The issue of what happens when a parent who has to pay support has income from a special needs trust has been recently addressed by the Appellate Division in an unreported (non precedential) decision. In that matter, the father of a child had been involved in a motor vehicle accident several months prior to her birth. The accident resulted in permanent brain damage and the father received a substantial settlement in excess of a million dollars . The settlement was placed in a special needs trust. A special needs trust, also known as a supplemental needs trust, is a trust that is created to allow a Medicaid recipient to shield certain funds and income from Medicaid eligibility provided that once the recipient dies, any remaining funds in the trust are paid to the State up to an amount equal to the total assistance paid on behalf of the individual.

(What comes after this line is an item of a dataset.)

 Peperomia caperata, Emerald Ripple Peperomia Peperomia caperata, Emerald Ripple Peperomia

The trial court, which was affirmed on appeal, noted that parents have a moral obligation and a legal duty to support their child. The court further pointed out that the New Jersey Child Support Guidelines, which clearly state that total family resources should be considered to be available for child support, define gross income to include social security, an interest in a trust and personal injury awards.

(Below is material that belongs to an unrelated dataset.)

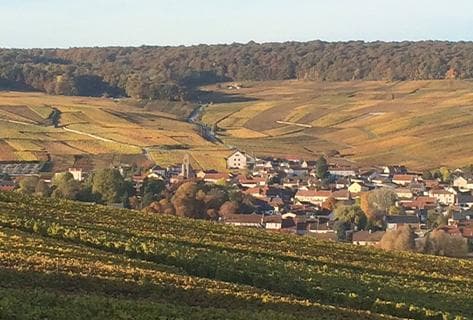 Laherte Frères - 2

Had the father kept the proceeds from his settlement and not placed them in trust, the money would have been unquestionably been available for child support. He further noted that the trust itself stated that distributions could be used for such expenses including “vacations, technology, cable television, etc.” The judge then determined that nothing prevented a conclusion that the father’s “special needs” might include support for his daughter.
Ultimately, the court determined that the father’s trust income as well as his Social Security disability payments were to be considered income for the purposes of determining his child support obligations. Also compelling in this matter was the fact that the father had this settlement while at the same time the mother was receiving public assistance on behalf of the child.
Despite the fact that the Trust can be considered to determine the amount of child support, it was acknowledged that the court cannot order a Trustee to make payments from the trust to satisfy any child support payments. Whether the court had addressed actual payment of the support is not known since that issue was not part of the appeal Thus, the unanswered question in this decision is how the child support award will actually get paid.